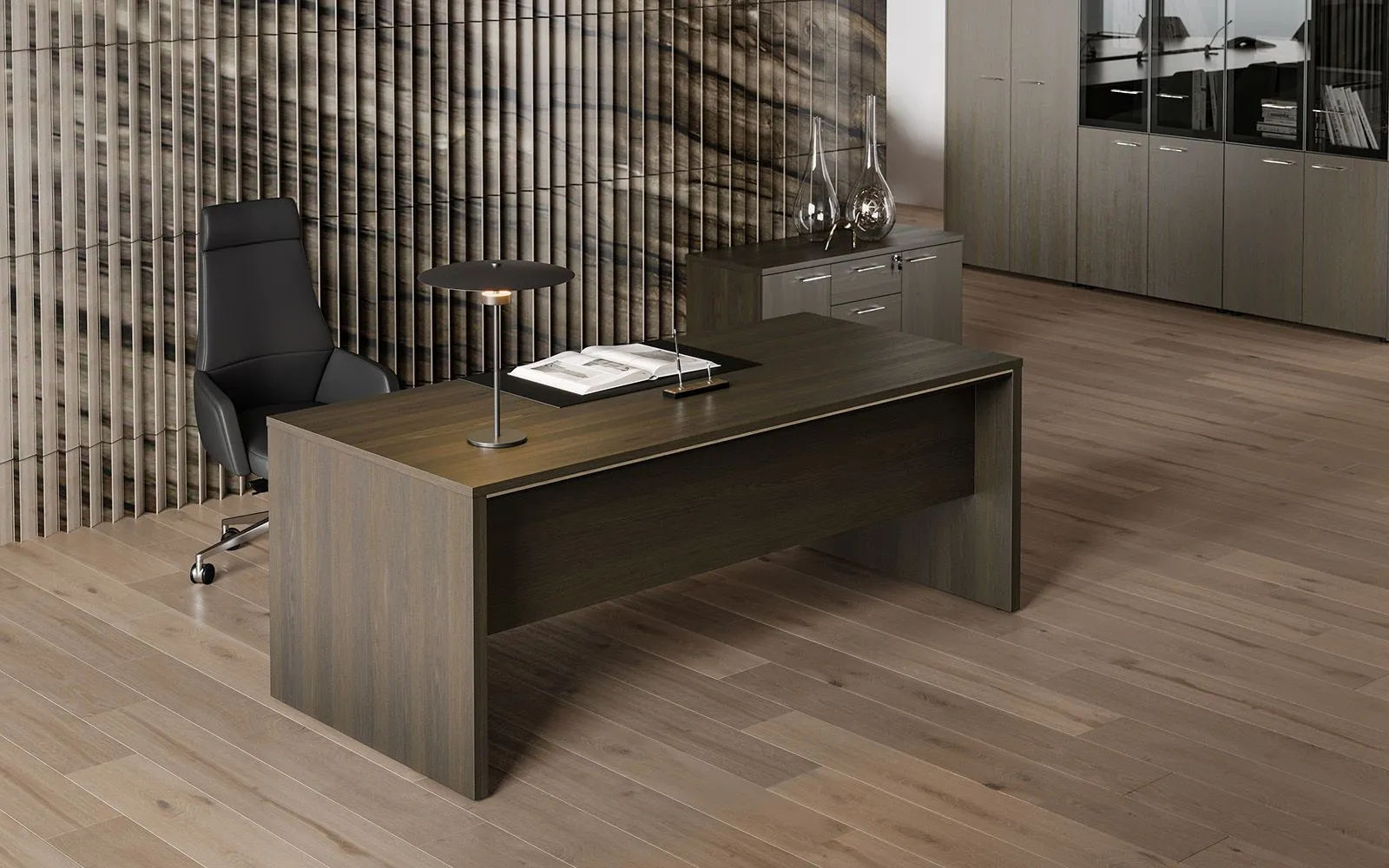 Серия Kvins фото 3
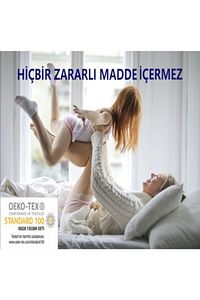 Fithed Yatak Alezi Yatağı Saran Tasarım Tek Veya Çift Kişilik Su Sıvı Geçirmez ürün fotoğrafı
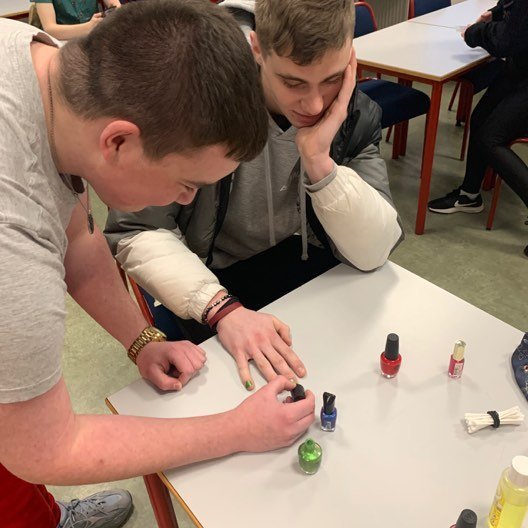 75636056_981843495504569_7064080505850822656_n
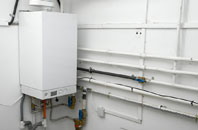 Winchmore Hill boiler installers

◇ ◇ ◇ ◇ ◇ ◇ ◇

* EXERCISE PROMPT *
All lines of the material above should be returned unchanged, but no pictures should be included.

* EXPECTED OUTPUT *
 Серия Kvins фото 3
 Fithed Yatak Alezi Yatağı Saran Tasarım Tek Veya Çift Kişilik Su Sıvı Geçirmez ürün fotoğrafı
 75636056_981843495504569_7064080505850822656_n
 Winchmore Hill boiler installers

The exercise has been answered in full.